EXERCISE REQUIREMENTS: Exact repetition of the data is the whole task.
(Beginning of DATASET EXTRACT)
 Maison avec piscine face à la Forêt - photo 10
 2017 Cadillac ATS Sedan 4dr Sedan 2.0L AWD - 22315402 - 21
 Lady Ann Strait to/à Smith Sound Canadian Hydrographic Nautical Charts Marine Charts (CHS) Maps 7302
(End of DATASET EXTRACT)
FINISHED EXERCISE:
 Maison avec piscine face à la Forêt - photo 10
 2017 Cadillac ATS Sedan 4dr Sedan 2.0L AWD - 22315402 - 21
 Lady Ann Strait to/à Smith Sound Canadian Hydrographic Nautical Charts Marine Charts (CHS) Maps 7302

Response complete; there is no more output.